Exclusive breastfeeding rates were lower in infants who were delivered by caesarean section. This is a common risk factor for not breastfeeding in Asian societies, but not in Australia [29,34,35]. In our study population, women having a caesarean section had lower rates of exclusive breastfeeding than with vaginal delivery. After surgery, mothers feel pain in their abdominal incision, movement is limited because of catheterization and intravenous lines, and Chinese mothers worry about the side effects of medicines which may pass to the baby via breast milk. These factors are believed in this culture to influence lactogenesis. Further studies are needed to obtain more details on the reasons for the higher prevalence of caesarean section in this population and the influence on breastfeeding.

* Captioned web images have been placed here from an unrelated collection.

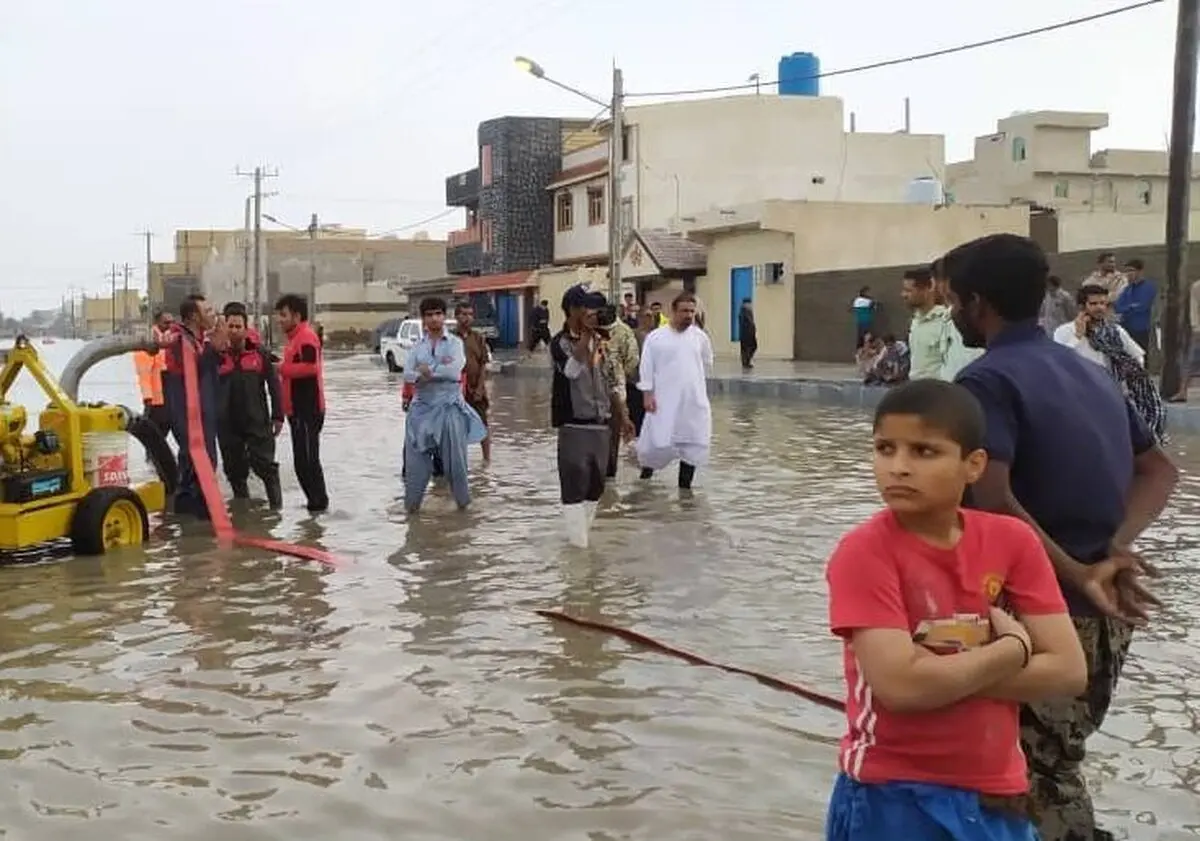 
منازل چهار محله کنارک درگیر آبگرفتگی جدی است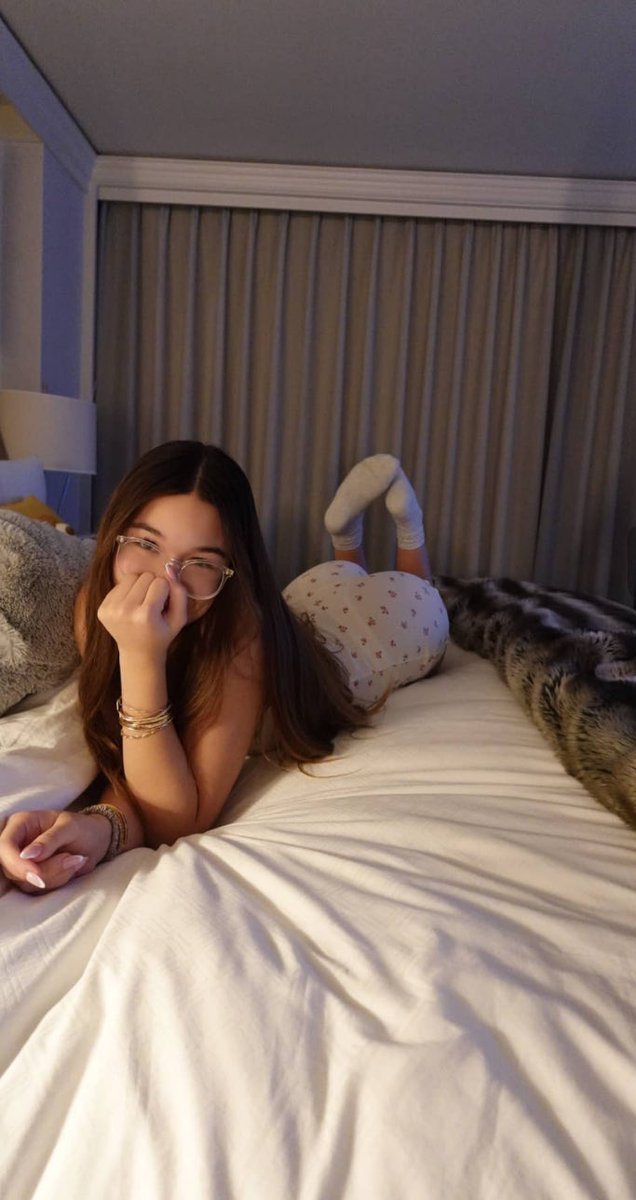Zoe tweet media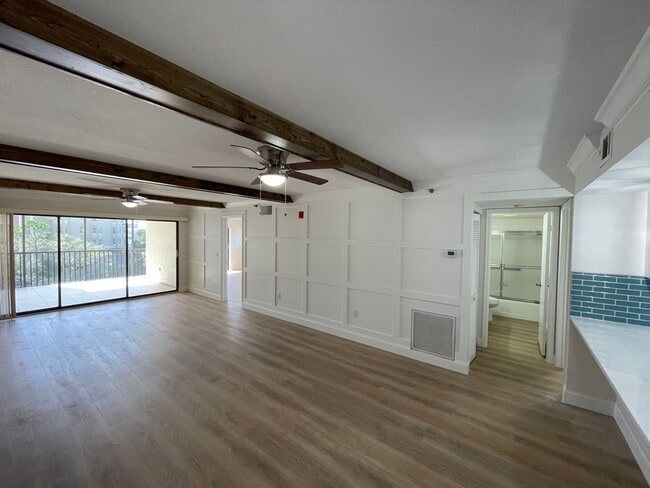 Building Photo - 2090 S Tamiami Trl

There are several limitations that need to be considered when interpreting the results of this study. The sample was restricted to three locations in Zhejiang Province. While these locations were selected to be representative of Zhejiang and the response rate was high, this should be born in mind when interpreting the results. As economic and health system developments occur in Zhejiang Province it will be important to repeat cohort studies so that breastfeeding is continued to be promoted.
Conclusion
In Zhejiang Province the exclusive breastfeeding rate on discharge from hospital was only 50.3%, ranging from a low of 38% in the city to 63% in the suburbs. Risk factors for not exclusively breastfeeding include having a caesarean section, the time at which the decision to breastfeed was made, the place of residence and whether a prelacteal feed was given. Biological factors included maternal age and parity. Some of these factors could be incorporated into trials to increase exclusive breastfeeding rates.
Competing interests
The authors declare that they have no competing interests.
Authors' contributions
All authors contributed to the study. LQ designed the research, collected and analyzed data, drafted the manuscript. YZ analyzed data and revised the manuscript. CWB designed the research, drafted and revised the manuscript. AHL analyzed data and revised the manuscript. XX designed the research, collected data and revised the manuscript.
Acknowledgments
Acknowledgements
We gratefully acknowledge the willing assistance given by all the mothers in our study, the hospital staff, nurses and health workers in Zhejinag Province. This study could not have been possible without their assistance.
Contributor Information
Liqian Qiu, Email: qiulq@zju.edu.cn.
Yun Zhao, Email: Y.Zhao@exchange.curtin.edu.au.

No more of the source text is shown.